I'm Totally Killing Your Vibes
To read Ahren Warner is to remember how farcical modern life can be. Our affections are fleeting, our egos large. Eyes don’t stay dry and nausea is an avocado away. Warner’s dexterous overlaying of tone paints our multi-channel reality. Two of the three long works comprising I’m Totally Killing Your Vibes began life as voiceovers for art films, yet the laconic exchanges live exuberantly on the page:
Your tears are hot, i say. Thanks, she says. i like tears, i say.
Thanks, she says, looking down at myerect cock. It’s not tears themselves, i say, it’s not that i have
a
fetish for salted water,a lachrymal kink.
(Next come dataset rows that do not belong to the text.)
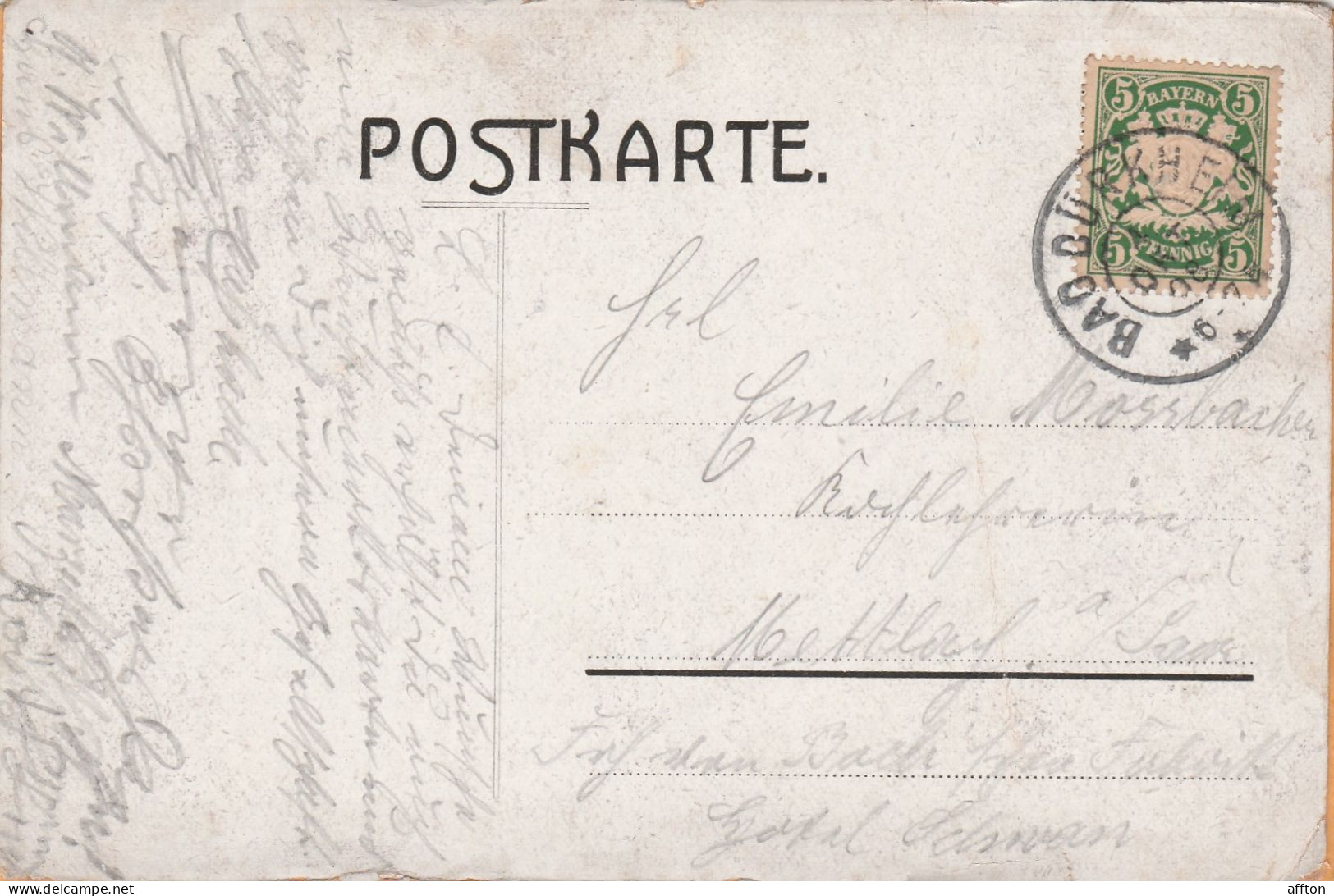 Gruss Vom Bad Durkheim Germany 1905 Postcard - Bad Duerkheim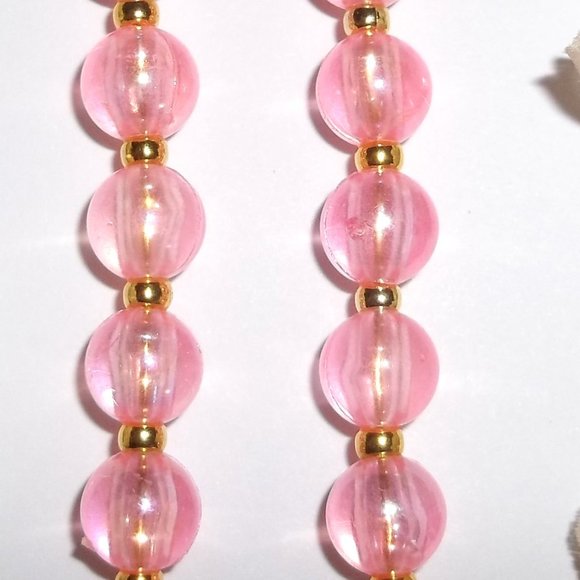 Dangle Drop Earrings For Women Party Fashion Jewelry Women's AB Pink Gold C310 - Picture 4 of 9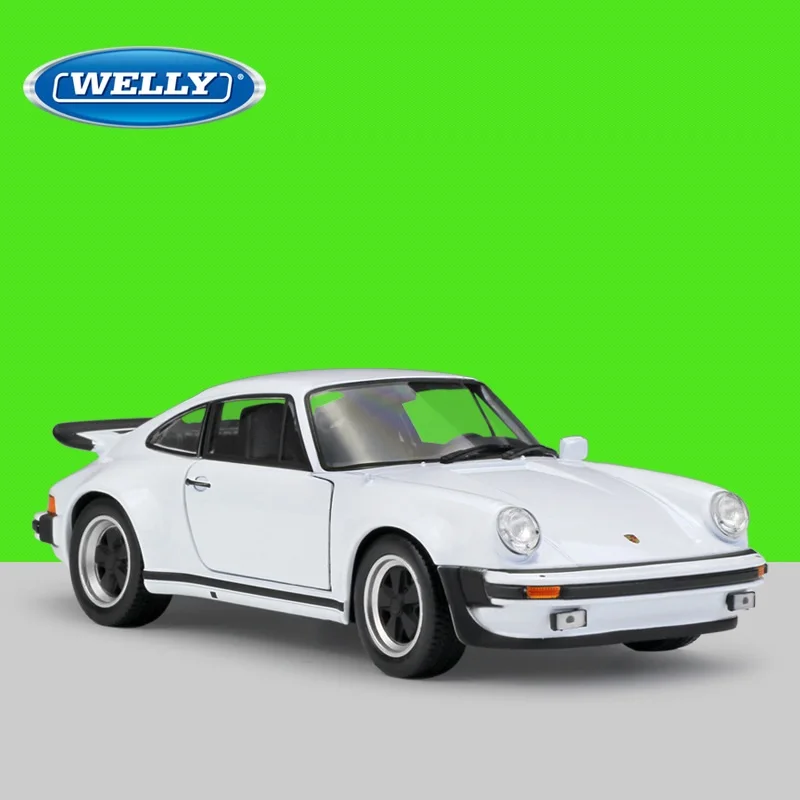 1:24 Welly Porsche 911 Turbo 3,0 1974 литая модель автомобиля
Any swagger is swiftly undercut by a winsome vulnerability. Warner puts off reading a prominent critic’s review of his latest book, worried they will have laid bare his shortcomings. A fraught relationship with a first girlfriend is recounted in somber detail in the book’s final poem, which is the most settled of the three:
I spend months crying in our old bed, fucking Tinder dates in our old bed, hurrying random strangers through rushed avocado-based breakfasts and out of the front door, so I can continue to cry in our old bed.
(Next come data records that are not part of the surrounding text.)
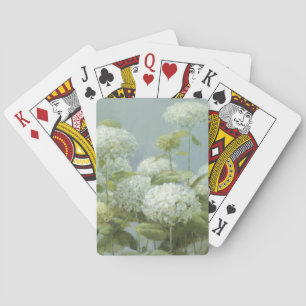 Baraja De Cartas Jardín blanco del Hydrangea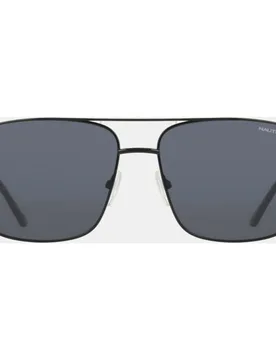Gafa de sol de hombre cuadrada en metal con lente polarizada - Nautica - FashionsVida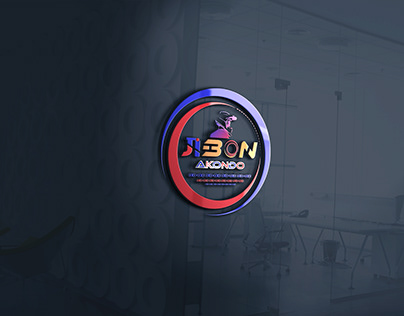 JIBON Name Logo Design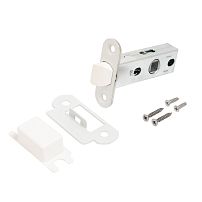 АЛЛЮР АРТ L45-8-PR18 W матовый белый пластик овал.торц.планка18мм б/ручек Защёлка (100) АЛЛЮР АРТ L45-8-PR18 W матовый белый пластик овал.торц.планка18мм б/ручек Защёлка (100)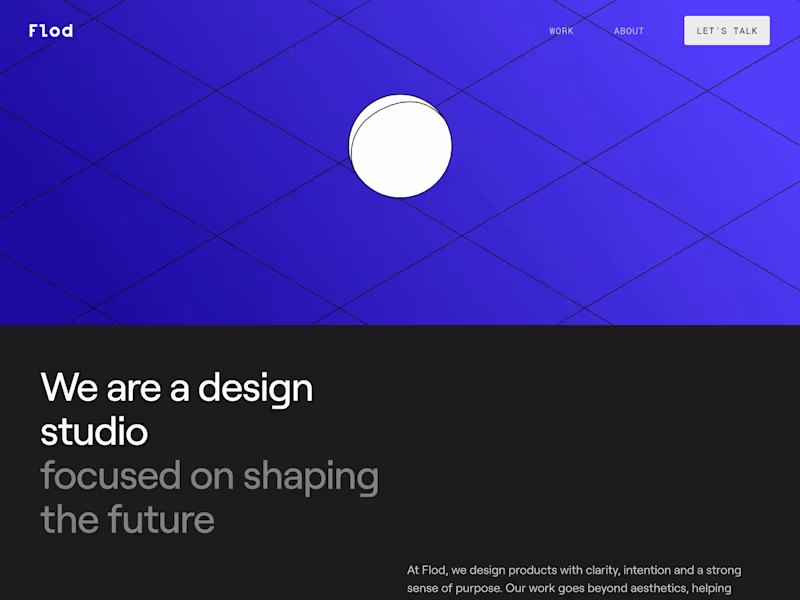 Cover image for Flod - Product & Brand Design Studio for Innovative Teams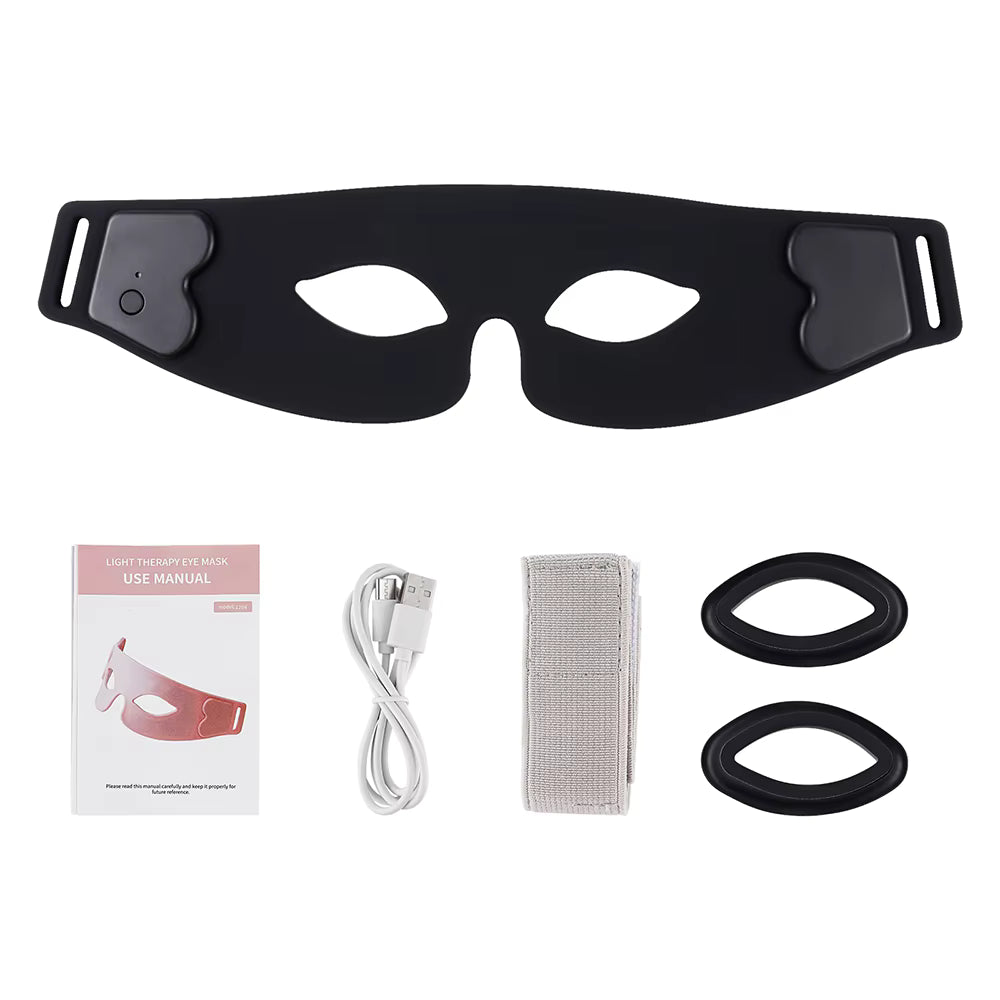 7-Color Flexible Silicone LED Photon Eye Mask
Scathing outbursts are as often aimed at himself as at others. With each utterance, the author maps the changing mores and landmines of a polarized society:
Does anyone really hate global capital? Except, perhaps, the Congolese kids (yes, some as young as six), digging cobalt down a mine somewhere close to Lake Malo?
I’m pretty sure those kids – the same ones you’re fucking over every time you swipe right, the same ones I’m killing every time I type ‘dtf ?’… I’m pretty sure those kids would hate global capital, if anyone had taught them the particular euphemism currently in vogue for their hashtag-infant-misery.
We eat ceviche and drink meloncello, fail to appreciate each other’s “#emotionallabour” but savor an “ASMRy voice”—all while comparing ourselves to Cardi B and Foucault. Warner’s iridescence of feeling stokes the life force of this book.